Director: Jim Threapelton
Screenwriter: Jim Threapelton
Running Time: 77 mins
It doesn’t seem fair to criticise a film on its overly liberal narrative when it opens with a sneer inducing quote from Dick Cheney. What did you expect? Yet Jim Threapelton’s Extraordinary Rendition both benefits from and suffers because of its overt political leanings. In the film a London school teacher Zaafir (Omar Berdouni) is snatched off the street by an unknown group of people (presumably the CIA) taken to another country to side step domestic judiciary issues and tortured for information over a period of several weeks.
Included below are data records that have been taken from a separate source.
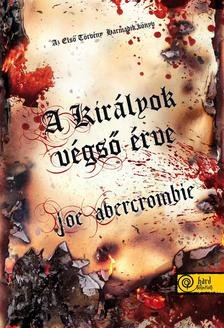 Abercrombie, Joe - A királyok végső érve (Az első törvény 3. könyv) - PUHA BORÍTÓS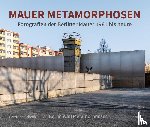Schenk, Gottfried - Mauer Metamorphosen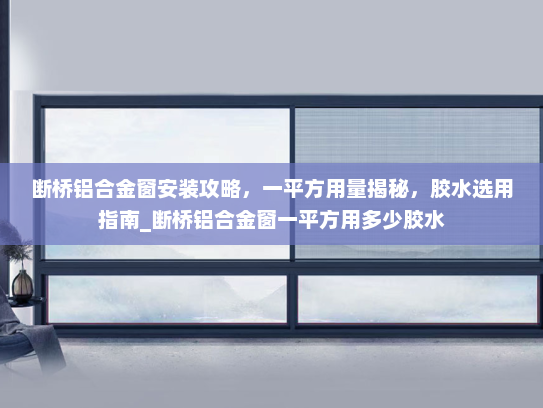 断桥铝合金窗安装攻略，一平方用量揭秘，胶水选用指南_断桥铝合金窗一平方用多少胶水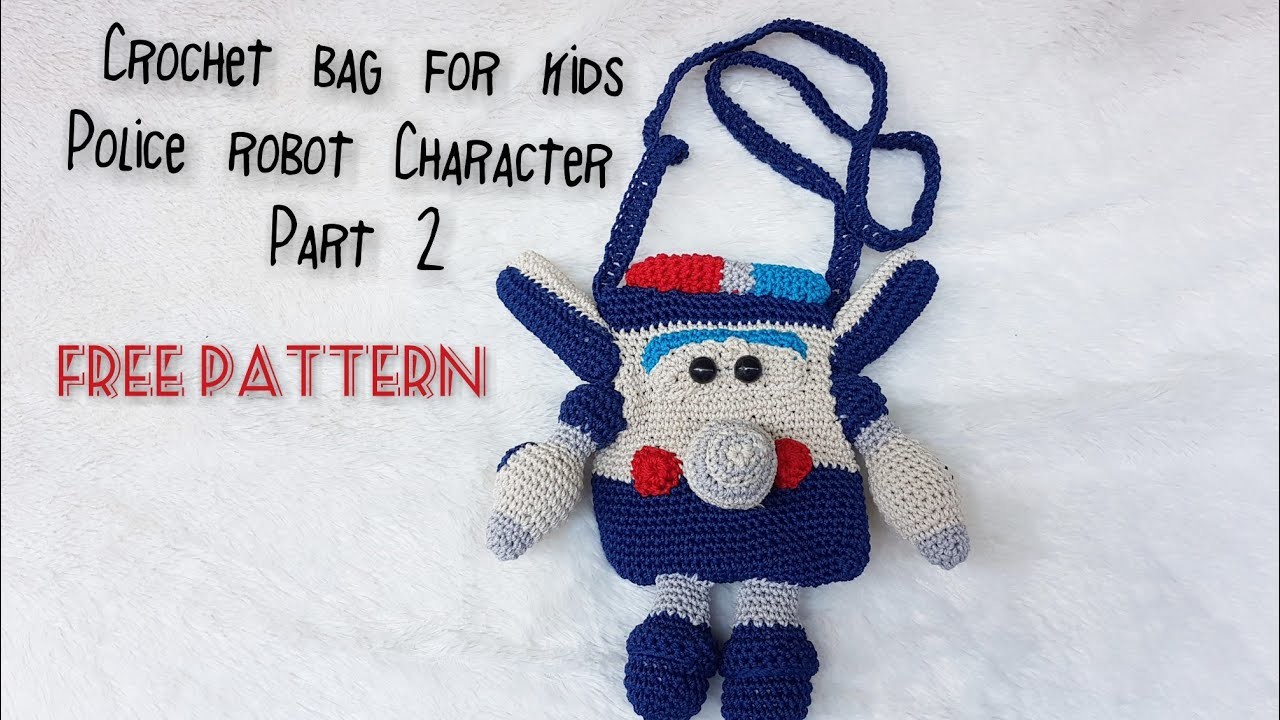 Crochet bag for kids police robot character-part 2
The film adopts a non-linear narrative as we see Zaafir before, during and after his ordeal reflecting different stages of his psyche and personality.
The subject matter is striking, and a title card informing us that 1,100 people have suffered this human rights nightmare since September 2001 is enough to make anyone queasy regardless of your political leanings on the issue. Yet Threapelton’s script is too much of a left wing simplification of the issue. Zaafir is a politics lecturer who stretches his student’s minds on contemporary issues as he hovers in front of a blackboard with “terrorist or freedom fighter?” in big chalk letters. He’s also a Muslim with a white Catholic wife (Ania Sowinski) who manages to fit basketball and prayer into his daily schedule. He’s perfect character pulpit from which to preach, and even if Threapelton’s message is one I entirely agree with, there is a very one minded account. The scenes of post-rendition Zaafir attending hate marches with Berdouni’s wonderfully expressive eyes now filled with hate feel a little too easy and neat an ending.
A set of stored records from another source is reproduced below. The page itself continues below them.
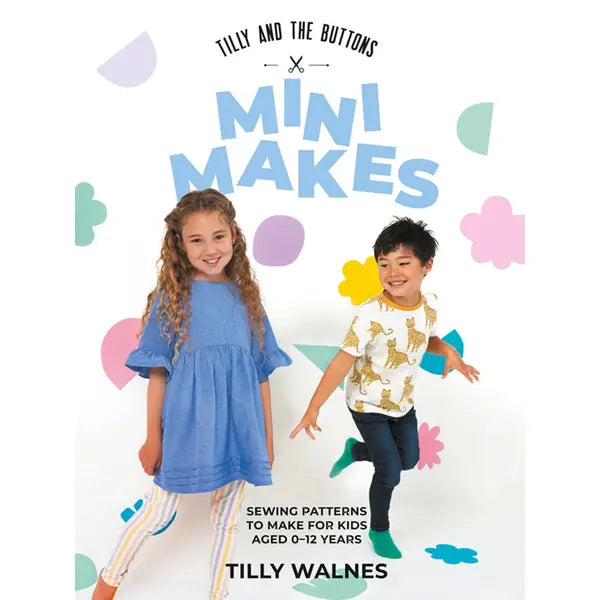 Book - Mini Makes - Tilly and the Buttons – Truro Fabrics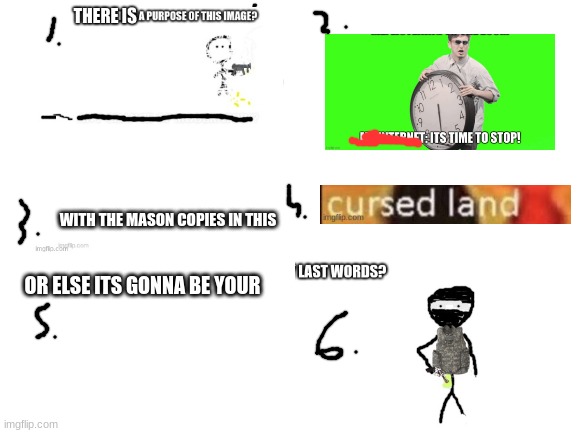 thing | WITH THE MASON COPIES IN THIS; OR ELSE ITS GONNA BE YOUR | made w/ Imgflip meme maker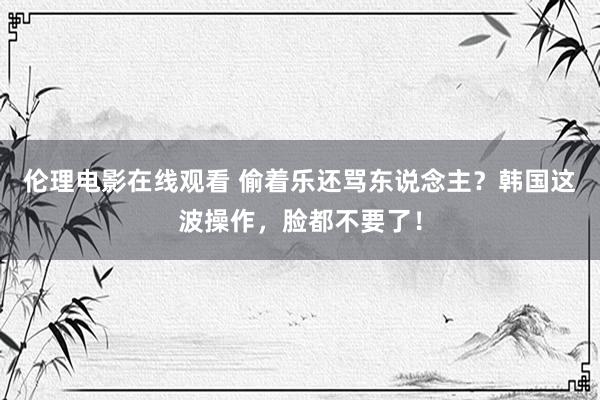 伦理电影在线观看 偷着乐还骂东说念主？韩国这波操作，脸都不要了！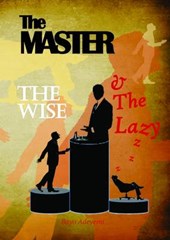 The Master the Wise and the Lazy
On the plus side Threapelton emerges from EIFF as another excellent first time director and lead actor Berdouni is surely one of the finest young actors working today, and thankfully he makes brave choices. It’s thanks to him that Zaafir emerges as a likeable character whose fate we become attached to; he has a natural magnetism that overcomes the cipher like character and his chemistry with on screen wife Sowinski is really engaging. Extraordinary Rendition is an important story made by tremendously talented individuals, yet the issue is far more complicated than simply ‘rendition creates terrorists, even out of uber-liberals.’